Some of the larger travel firms such as Skiplan have their own club hotels with in-house equipment, fitting service and a ski-tech. This can be so helpful especially if you’re travelling in a big group with varied abilities or with school groups where kids are constantly changing or damaging their equipment. The in-house tech will usually fit the equipment as soon as you arrive at the hotel and will run a daily ‘ski-surgery’ for people to come and ask questions or change boots.
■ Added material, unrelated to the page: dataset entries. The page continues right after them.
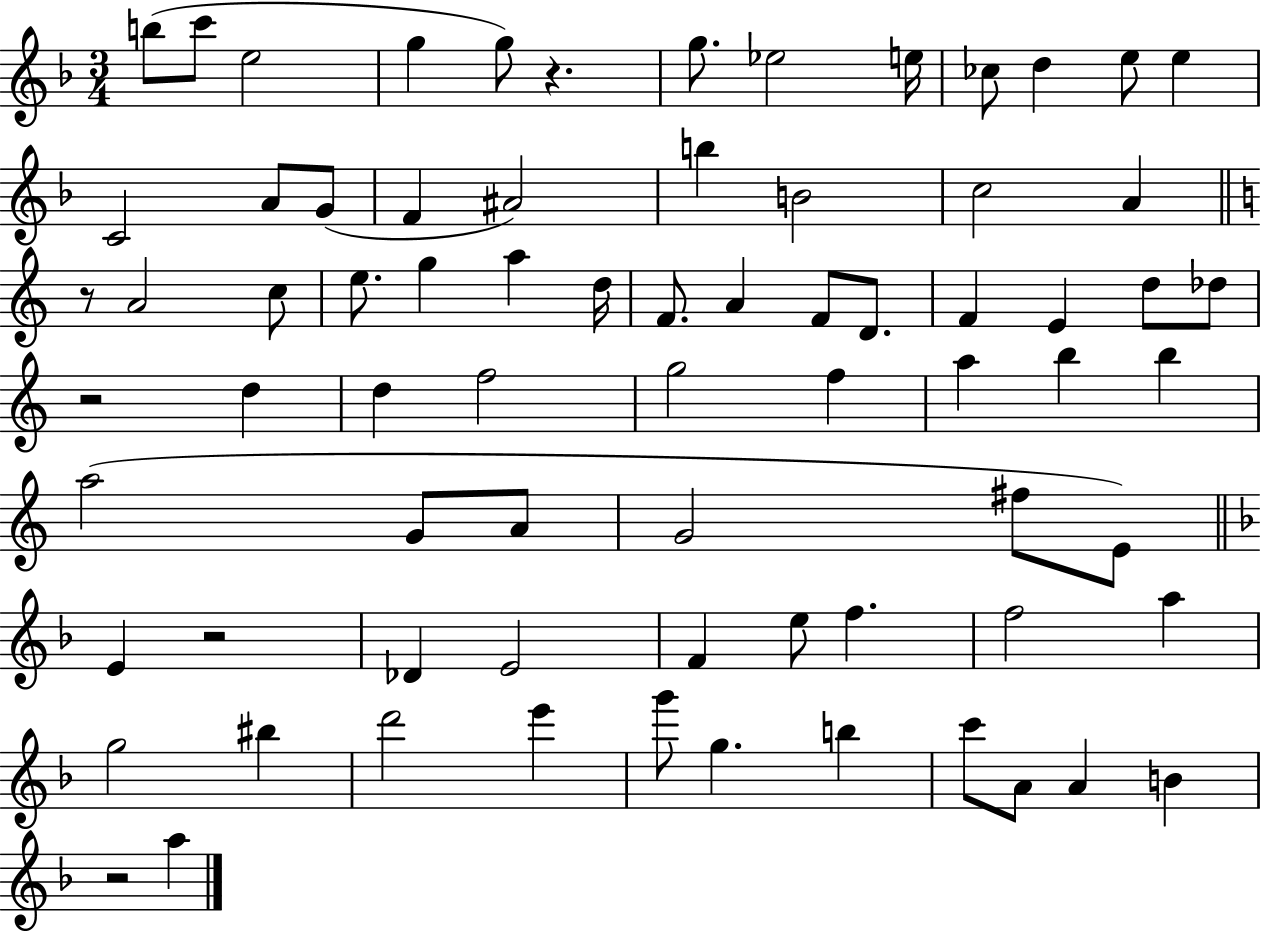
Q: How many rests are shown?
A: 5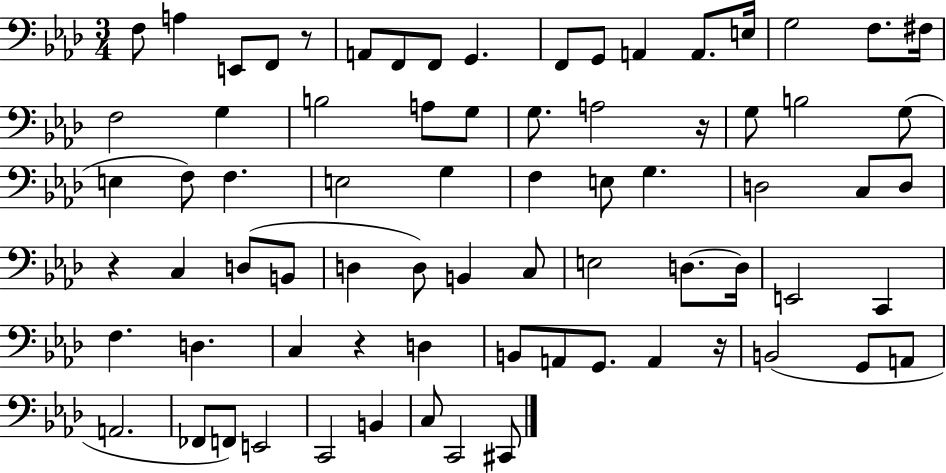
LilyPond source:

{
  \clef bass
  \numericTimeSignature
  \time 3/4
  \key aes \major
  f8 a4 e,8 f,8 r8 | a,8 f,8 f,8 g,4. | f,8 g,8 a,4 a,8. e16 | g2 f8. fis16 | \break f2 g4 | b2 a8 g8 | g8. a2 r16 | g8 b2 g8( | \break e4 f8) f4. | e2 g4 | f4 e8 g4. | d2 c8 d8 | \break r4 c4 d8( b,8 | d4 d8) b,4 c8 | e2 d8.~~ d16 | e,2 c,4 | \break f4. d4. | c4 r4 d4 | b,8 a,8 g,8. a,4 r16 | b,2( g,8 a,8 | \break a,2. | fes,8 f,8) e,2 | c,2 b,4 | c8 c,2 cis,8 | \break \bar "|."
}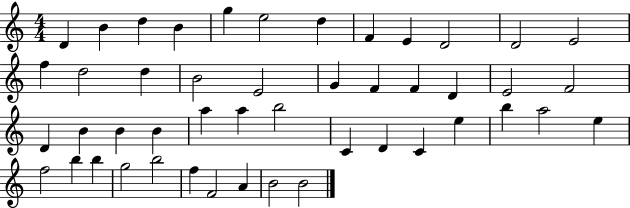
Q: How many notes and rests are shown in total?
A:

Still, ski hire isn’t for everyone. Snowboarding aficionado and all-round mountain goat Henry Hardy is adamant that travelling to the Alps with his own equipment is worth it: “It takes a long time to get used to your own board and how well it performs in powder one minute and ice the next. Even if the hire equipment is top standard, I’d rather have the peace of mind knowing I can jump onto my own board and start straight where I left off last year. If you’re only heading out for one week of the season you don’t want to spend any frustrating days getting used to new equipment.”
But as skier, I enjoy the variation and flexibility of hiring skis. The makes and models change every couple of years and some ski hire shops will let you chop and change during the week if you pay a little more from the outset. It’s definitely worth sticking with the hire shops when you’re a beginner, but if you’re set on buying your own skis, wait until you’ve progressed to an intermediate or advanced stage so you can buy something that’ll help you progress through the years.
How long you intend to spend on the mountain is another factor. If you’re skiing for longer than a couple of weeks, or considering doing a season, it would make sense to take the big jump and buy. A good tip is to buy any kit in resort towards the end of the season as many of the shops will have signs outside offering great deals on last year’s stock rarely found at home.
I still like to buy my own ski boots as I have found over the years they mould to your feet and can be a lot more forgiving. They also fit into your suitcase so no need to pay the sports baggage fee. Look to spend between £150 on the low end and as much as £350 on the higher end for boots. They do last a long time today and the best advice is don’t skimp here.
Unfortunately, a lot of ski resorts still have problems with stolen equipment both on the slopes and from hotels and apartments. Even if your equipment is insured it can still result in hours of wasted time filling in forms or waiting for the local police to arrive. Ultimately you could then still have to fork out for a new kit until the insurance company coughs up. So if you do buy your own kit, invest in a lock that fits comfortably in your pocket for when you stop for a coffee and if you hit the après-ski bar at the end of the day, make sure you keep an eye on your gear as well as your Jagermeister.